Kepopuleran nama Sendi sudah sangat menyebar dari mulut ke mulut (jangan mikir yang nggak-nggak) para jomblo. Dari jomblo yang berseragam putih biru, sampai jomblo yang berseragam napi sudah tahu paham betul. Bahkan mereka tahu tempat kerja para detektif ini, yang beralamat di 212B Barber street.Lihat bangunan yang hampir roboh dan bercat putih, tapi karena sudah lama nggak dicat ulang, maka warna putihnya bermetafosa jadi kuning kecoklatan. Maklum, belum ada dana buat ngecet ulang.

Visi dan misi mereka berdua adalah membantu para remaja Indonesia menjadi remaja yang kreatif dalam segala bidang pencucian uang, dan memiliki semangat korupsi. Secara, Sendi khawatir melihat para jomblowan dan jomblowati yang terus meratapi nasib di kamar mandi sambil nangis-nangis, shampoan pakai sabun colek, dan mandangin foto mantan sambil bilang, ‘KENAPA HIDUP INI NGGAK ADIL?!’
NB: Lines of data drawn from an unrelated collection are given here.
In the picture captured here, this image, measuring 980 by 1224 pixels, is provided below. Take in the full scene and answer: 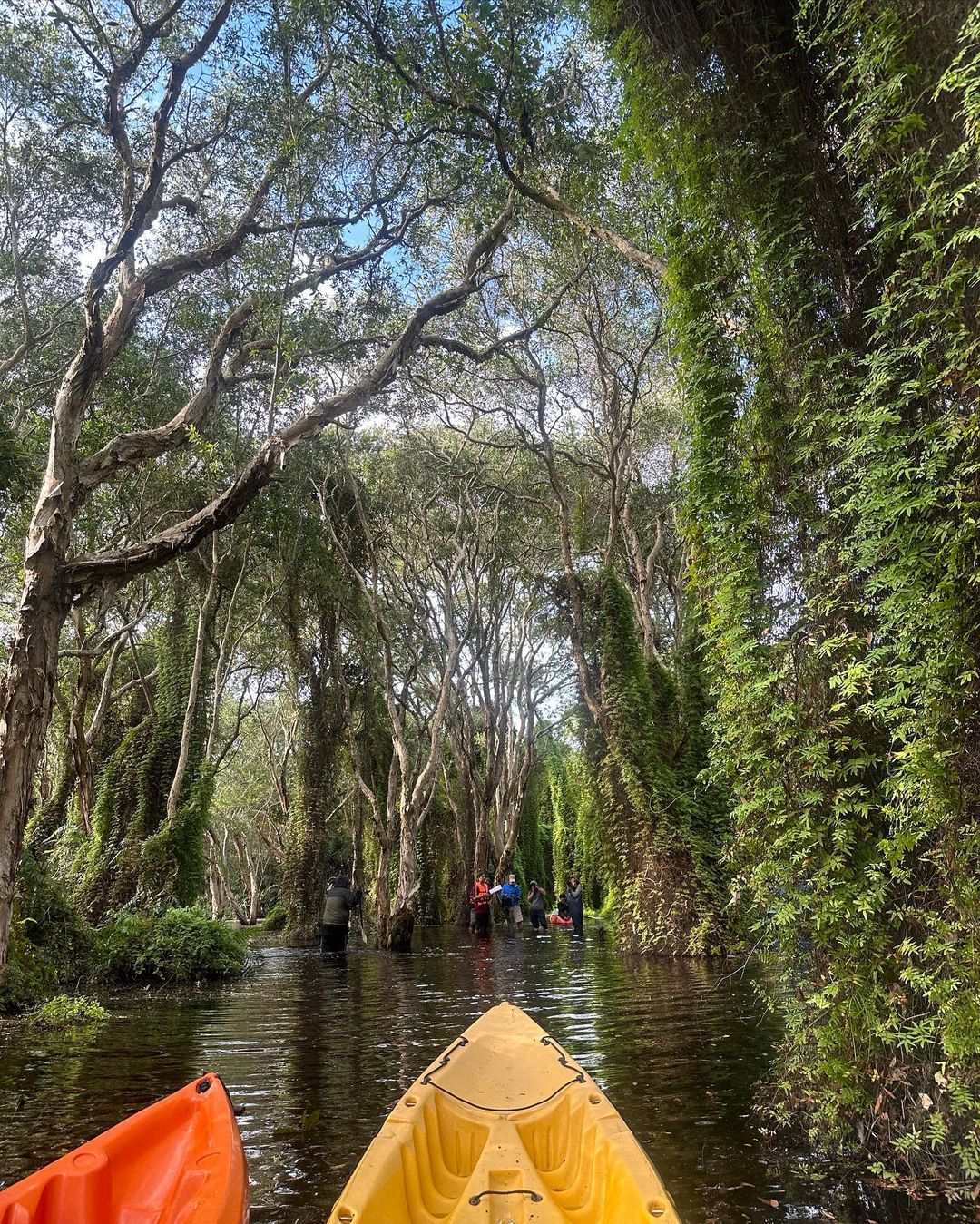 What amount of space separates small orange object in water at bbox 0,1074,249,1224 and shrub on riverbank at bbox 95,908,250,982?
394 inches

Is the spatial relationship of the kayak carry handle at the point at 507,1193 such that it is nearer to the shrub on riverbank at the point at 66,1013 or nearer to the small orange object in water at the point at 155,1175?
the small orange object in water at the point at 155,1175

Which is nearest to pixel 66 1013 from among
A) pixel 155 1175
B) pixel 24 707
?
pixel 24 707

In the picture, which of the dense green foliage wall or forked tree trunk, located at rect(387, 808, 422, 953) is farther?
forked tree trunk, located at rect(387, 808, 422, 953)

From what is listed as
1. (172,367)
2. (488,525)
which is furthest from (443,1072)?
(488,525)

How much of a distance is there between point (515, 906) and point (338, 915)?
31.7 ft

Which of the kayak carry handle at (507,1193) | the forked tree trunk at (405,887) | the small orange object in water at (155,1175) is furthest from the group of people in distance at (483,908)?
the kayak carry handle at (507,1193)

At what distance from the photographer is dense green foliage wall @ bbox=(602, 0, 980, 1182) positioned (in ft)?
12.5

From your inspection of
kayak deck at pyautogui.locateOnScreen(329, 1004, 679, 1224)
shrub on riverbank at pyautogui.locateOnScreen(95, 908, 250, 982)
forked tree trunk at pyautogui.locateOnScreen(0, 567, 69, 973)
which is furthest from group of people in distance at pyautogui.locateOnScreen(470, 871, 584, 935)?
kayak deck at pyautogui.locateOnScreen(329, 1004, 679, 1224)

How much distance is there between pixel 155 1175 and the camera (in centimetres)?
345

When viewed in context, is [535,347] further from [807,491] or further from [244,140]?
[807,491]

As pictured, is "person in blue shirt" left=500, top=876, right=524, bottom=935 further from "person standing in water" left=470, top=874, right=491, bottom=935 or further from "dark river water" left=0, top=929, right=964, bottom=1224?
"dark river water" left=0, top=929, right=964, bottom=1224

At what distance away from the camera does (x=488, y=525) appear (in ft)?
73.9

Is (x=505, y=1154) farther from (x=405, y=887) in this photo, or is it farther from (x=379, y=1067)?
(x=405, y=887)

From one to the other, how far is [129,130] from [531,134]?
5511 mm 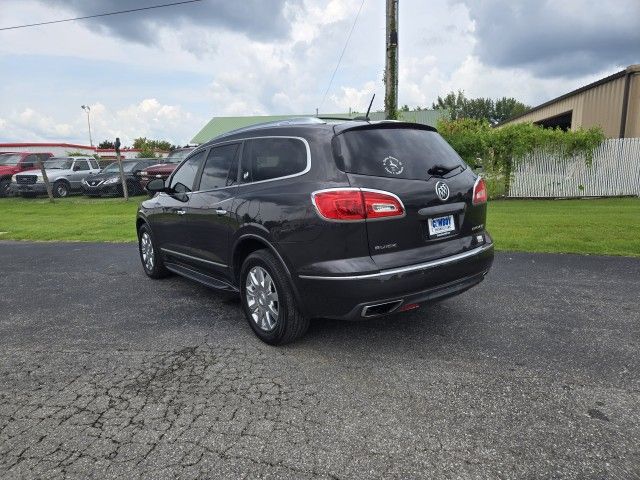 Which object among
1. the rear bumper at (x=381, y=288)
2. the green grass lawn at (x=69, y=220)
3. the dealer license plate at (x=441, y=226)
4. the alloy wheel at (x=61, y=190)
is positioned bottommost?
the green grass lawn at (x=69, y=220)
Masalah bayaran itu bisa dinegosiasikan oleh asisten Sendi, Mamat Solehudin dipanggil, Matson. Dia berdua bekerjasama membantu para klien dan memenuhi permintaannya. Banyak di antara mereka yang meminta untuk memutuskan hubungan mantannya dengan pacar barunya, yang jelas-jelas lebih tajir, mengintai keseharian calon gebetan, dan merehabilitasi jomblo akut. Mereka lakukan itu dengan penuh kesabaran dan sedikit kekerasan. Disetrum jika klien sedang ngelamunin masa lalu, misalnya.

Dari sinilah kisah mereka mulai berbeda, mulai mengubah jalan hidup dan reputasi ‘Detektif Sendok Holmes’ yang sudah terkenal seantero kampus harus dipertaruhkan.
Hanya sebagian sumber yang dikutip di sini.